Preliminary for understanding anything about the Dirac delta

An absolutely integrable function $\eta:\,\Bbb R\mapsto\Bbb R$ with $\int_{\Bbb R}\eta(x)dx=1$ is a nascent delta function. You've favoured the example $\eta(x):=\frac{1}{\sqrt{2\pi}}\exp\frac{-x^2}{2}$. Regardless of the choice, for $\epsilon>0$ define $\eta_\epsilon(x):=\frac{1}{\epsilon}\eta(\frac{x}{\epsilon})$ so$$\lim_{\epsilon\to0^+}\eta_\epsilon(x)=\left\{ \begin{array}{rl} \infty & x=0\\ 0 & x\ne0 \end{array}\right.$$(proof is an exercise). On the other hand,$$\lim_{\epsilon\to0^+}\int_{\Bbb R}\eta_\epsilon(x)f(x)dx=\lim_{\epsilon\to0^+}\int_{\Bbb R}\eta(y)f(y\epsilon)dy\stackrel{!}{=}\int_{\Bbb R}\eta(y)\lim_{\epsilon\to0^+}f(y\epsilon)dy\stackrel{!}{=}\int_{\Bbb R}\eta(y)\lim_{\epsilon\to0^+}f(0)dy=f(0),$$provided the function $f$ is "sufficiently nice" for the $\stackrel{!}{=}$s to work (these are good enough). If we defined a function $\delta(x):=\lim_{\epsilon\to0^+}\eta_\epsilon(x)$, this would imply $\int_{\Bbb R}\delta(x)f(x)dx=0$, which in general doesn't match the above calculation; we mustn't conflate $\lim_{\epsilon\to0^+}\int_{\Bbb R}\eta_\epsilon(x)f(x)dx$ with $\int_{\Bbb R}(\lim_{\epsilon\to0^+}\eta_\epsilon(x))f(x)dx$. But an object satisfying $\int_{\Bbb R}\delta(x)f(x)dx=f(0)$ is of sufficient interest we define it anyway. It is a distribution, generalized function and measure, but not a function, and must not be conflated with the function $\lim_{\epsilon\to0^+}\eta_\epsilon(x)$, whose values you've seen quoted. Incidentally, $f$ is so nice its derivatives are too, so repeated integration by parts gives $\int_{\Bbb R}\delta^{(n)}(x)f(x)dx=(-1)^nf^{(n)}(0)$.

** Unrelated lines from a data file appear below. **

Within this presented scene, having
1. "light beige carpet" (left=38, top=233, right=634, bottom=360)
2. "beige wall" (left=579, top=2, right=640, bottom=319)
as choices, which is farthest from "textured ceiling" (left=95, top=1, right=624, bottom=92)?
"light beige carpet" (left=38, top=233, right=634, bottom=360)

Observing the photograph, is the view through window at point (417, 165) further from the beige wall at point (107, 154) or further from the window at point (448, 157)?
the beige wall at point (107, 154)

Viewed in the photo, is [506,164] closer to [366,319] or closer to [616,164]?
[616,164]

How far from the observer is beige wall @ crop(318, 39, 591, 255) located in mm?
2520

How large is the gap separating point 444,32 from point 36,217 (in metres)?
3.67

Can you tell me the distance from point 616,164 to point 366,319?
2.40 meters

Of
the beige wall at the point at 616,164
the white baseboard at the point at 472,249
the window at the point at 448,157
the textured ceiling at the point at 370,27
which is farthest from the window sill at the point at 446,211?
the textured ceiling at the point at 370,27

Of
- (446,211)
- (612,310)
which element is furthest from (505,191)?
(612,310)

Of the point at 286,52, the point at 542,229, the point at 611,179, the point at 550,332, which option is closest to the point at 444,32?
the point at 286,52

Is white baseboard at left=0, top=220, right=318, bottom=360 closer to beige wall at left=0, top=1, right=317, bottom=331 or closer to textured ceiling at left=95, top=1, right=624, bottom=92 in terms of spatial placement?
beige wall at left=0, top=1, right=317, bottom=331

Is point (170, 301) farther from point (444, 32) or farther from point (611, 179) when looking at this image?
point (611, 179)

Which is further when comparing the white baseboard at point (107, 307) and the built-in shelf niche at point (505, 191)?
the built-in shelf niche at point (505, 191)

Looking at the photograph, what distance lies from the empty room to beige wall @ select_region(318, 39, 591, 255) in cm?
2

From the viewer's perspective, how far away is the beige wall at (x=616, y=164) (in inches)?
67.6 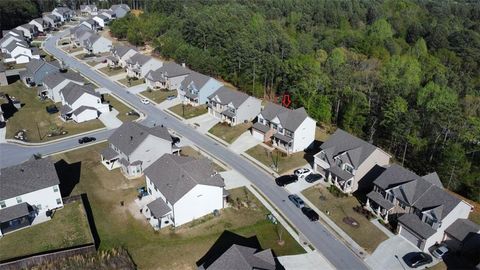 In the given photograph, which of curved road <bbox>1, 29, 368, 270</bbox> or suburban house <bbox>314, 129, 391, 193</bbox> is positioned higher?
suburban house <bbox>314, 129, 391, 193</bbox>

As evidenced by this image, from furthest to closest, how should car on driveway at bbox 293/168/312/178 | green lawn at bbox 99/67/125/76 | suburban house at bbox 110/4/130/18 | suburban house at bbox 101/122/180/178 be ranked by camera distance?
suburban house at bbox 110/4/130/18
green lawn at bbox 99/67/125/76
car on driveway at bbox 293/168/312/178
suburban house at bbox 101/122/180/178

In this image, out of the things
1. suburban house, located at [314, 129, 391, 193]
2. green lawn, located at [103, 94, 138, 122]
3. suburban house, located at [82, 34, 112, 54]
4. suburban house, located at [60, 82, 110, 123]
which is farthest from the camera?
suburban house, located at [82, 34, 112, 54]

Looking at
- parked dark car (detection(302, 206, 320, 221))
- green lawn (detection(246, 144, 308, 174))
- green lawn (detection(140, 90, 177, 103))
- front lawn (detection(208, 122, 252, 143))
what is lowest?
green lawn (detection(140, 90, 177, 103))

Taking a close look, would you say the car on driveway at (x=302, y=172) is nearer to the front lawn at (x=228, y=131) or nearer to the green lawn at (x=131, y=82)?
the front lawn at (x=228, y=131)

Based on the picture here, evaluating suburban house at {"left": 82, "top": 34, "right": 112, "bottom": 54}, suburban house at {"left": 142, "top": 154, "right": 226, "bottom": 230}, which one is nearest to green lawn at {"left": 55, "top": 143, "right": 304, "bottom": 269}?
suburban house at {"left": 142, "top": 154, "right": 226, "bottom": 230}

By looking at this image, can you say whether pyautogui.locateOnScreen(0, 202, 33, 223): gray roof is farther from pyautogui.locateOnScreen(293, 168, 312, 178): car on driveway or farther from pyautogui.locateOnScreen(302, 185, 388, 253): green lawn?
pyautogui.locateOnScreen(293, 168, 312, 178): car on driveway

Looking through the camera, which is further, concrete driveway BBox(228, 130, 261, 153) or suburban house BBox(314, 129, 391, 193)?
concrete driveway BBox(228, 130, 261, 153)

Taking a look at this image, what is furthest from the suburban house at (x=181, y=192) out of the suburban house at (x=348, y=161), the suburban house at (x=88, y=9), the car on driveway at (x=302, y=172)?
the suburban house at (x=88, y=9) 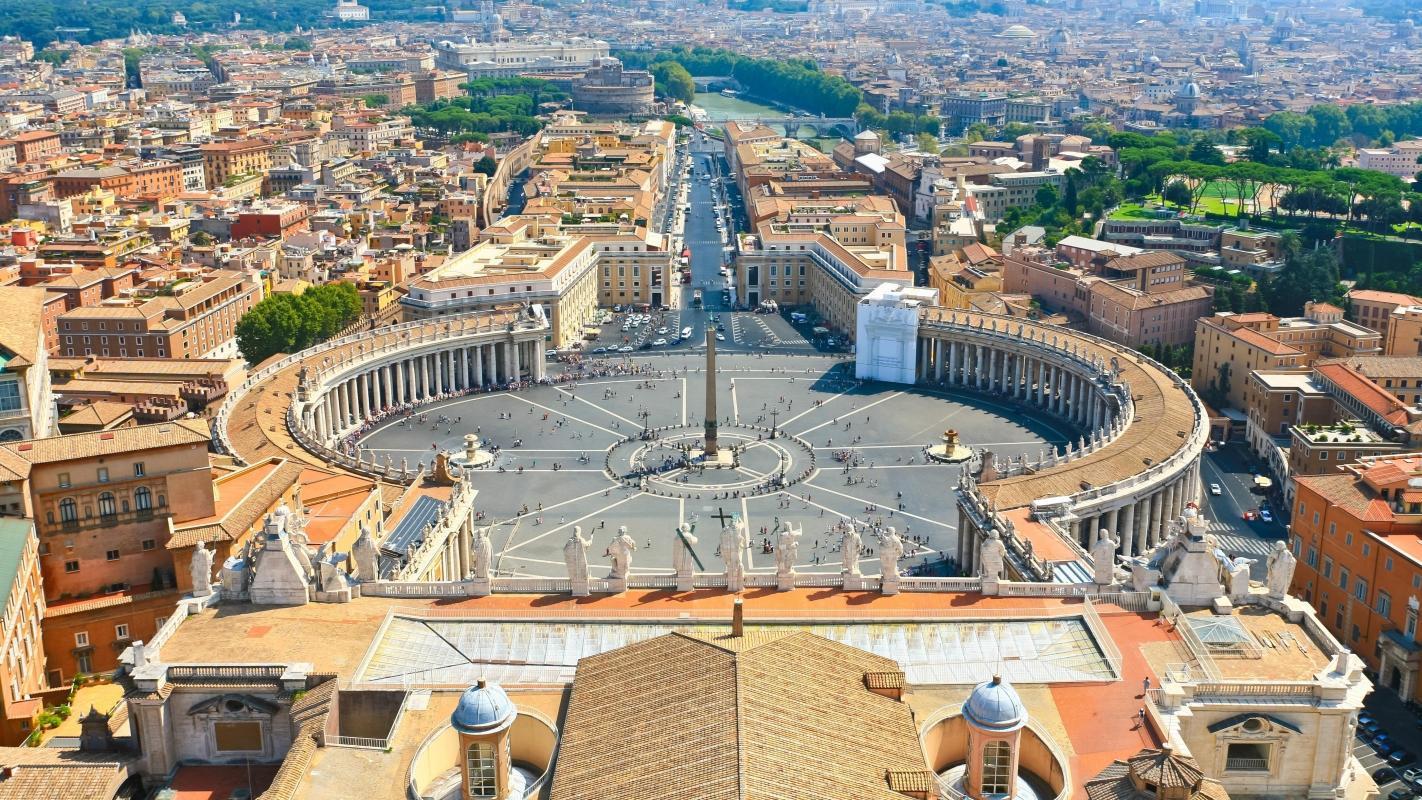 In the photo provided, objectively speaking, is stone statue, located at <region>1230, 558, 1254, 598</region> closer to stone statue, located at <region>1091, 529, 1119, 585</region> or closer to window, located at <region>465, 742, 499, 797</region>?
stone statue, located at <region>1091, 529, 1119, 585</region>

Your question about expectations

The above addresses your first question, so let's look at your second. Any PDF can be chosen for $\eta$. In that case, $\eta_\epsilon$ is then also a PDF, of expectation$$\int_{\Bbb R}x\eta_\epsilon(x)dx=\epsilon\int_{\Bbb R}y\eta(y)dy,$$which exists for all $\epsilon>0$ provided the original $\eta$ has a mean. Since $\int_{\Bbb R}x\delta(x)dx=0$, your question boils down to whether $\delta$ should be identified with any probability distribution. We might describe it as a probability density measure for the degenerate distribution whose only possible value is $0$. One way to make this masses-are-Dirac-deltas notion more rigorous is in terms of characteristic functions. If $X$ is degenerate with value $a$,$$\Bbb Ee^{itX}=e^{ita}=\int_{\Bbb R}\delta(x-a)e^{itx}dx,$$so $\delta(x-a)$ is the density. Generalizing the inversion formula by which characteristic functions specify a probability distribution, so as to support the case where densities are measures rather than "ordinary" functions, relies upon this insight.